Juliet, who was used to sleeping late in London, now arose at 5:30 each morning to have make-up applied to her creamy complexion and sit while her sandy hair was teased into an upswept coiffure and hooked up at the back, all of this prior to 8 A.M. shooting. At the end of each work day, she left for home long after dark.
"I've led a monastic life since I've been here," Juliet sighed, noting how production schedules had restricted her social life.
She was homesick for her antique-laden London flat and the two Siamese cats she had to leave behind. Feeling displaced and disoriented--a condition aggravated by the disintegration of her eight-year marriage to songwriter Edward Alquist Jr.-- Juliet commiserated with the recently separated Leslie Bricusses and a few still- married members of Hollywood's burgeoning British colony.
A new aquaintance, Steve McQueen's wife Neile, helped her adopt a mongrel puppy to replace the absent cats and drove her to the Mojave Desert, where they watched McQueen roadtest his latest Porche. And within two weeks after filming commenced, Juliet rented a beam-ceilinged home of Spanish architecture just three minutes from the studio. Its big open fireplace stirred memories of the Mills family's country residence--a Georgian house on Richmond Hill.
"My friends would faint if they saw me ensconced in this mansion," she observed. As a buttress against the series' questionable future, a sublet clause was written into the year's lease.
Meanwhile, Juliet hired a 17-year-old nanny of her own for 5-year-old son Christopher. This girl is not one of those formidable English nannies who often spend as many as three years in training. "A proper nanny, one who goes to royalty, just looks after the children," she explained. "When I advertised, I was looking for one like the character I'm playing--somebody who could just muck in."
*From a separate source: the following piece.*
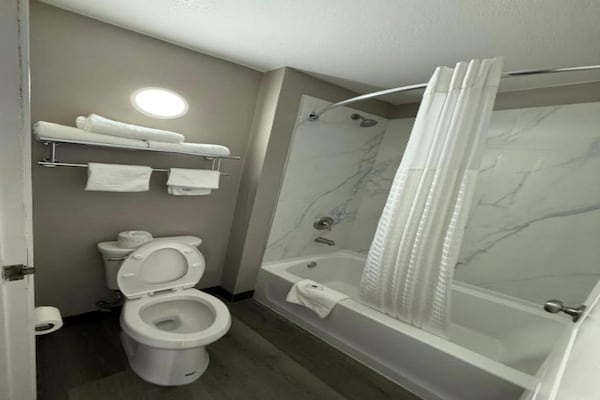 Foto van 1 kingsize bed | Rookvrij - Vakantiehuis in Enfield - BathRoom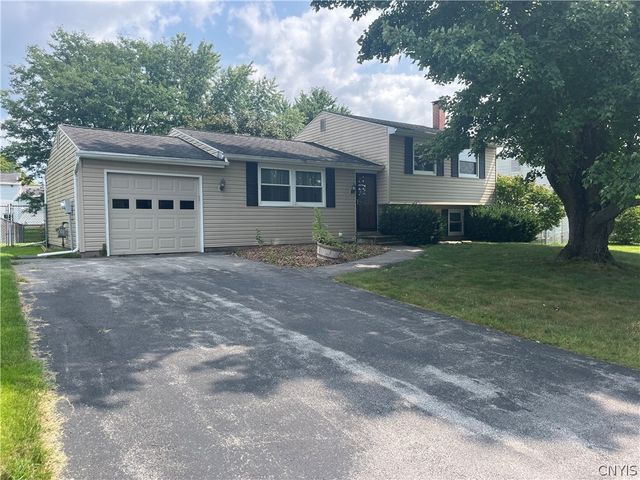 8180 Mantova Drive, Clay, NY 13041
All these life-style adjustments presumably will be wasted should Nanny fail to attract an appreciable viewing audience. Before entering the crucible of competitive network television, Juliet never bothered to analyze the show's prospects. The combined insight of herself and her father into American TV taste was negligible.
"I haven't got any confidence through any knowledge of what other shows do or ratings or what people like for don't like," she said before returning to the set. "If Nanny isn't picked up, I'll be going home this spring. It won't break my heart."
The more pragmatic Gerber, already in the midst of shooting another situation- comedy pilot, expressed contentment in merely seeing the Fox facilities being used.
"What the hell, at least I'm on the air," he said, remembering the studio's financial investment. "We're on at 7:30 against Hee-Haw. It's a tough spot. If nothing else, we'll still have 15 weeks on the air. I've been through the television jungles before and I'm not gonna cry about it. I'm just putting my head down, looking ahead and saying: 'Gung Ho!' Like Satchel Paige once said: 'Don't look back. They may be gaining on you."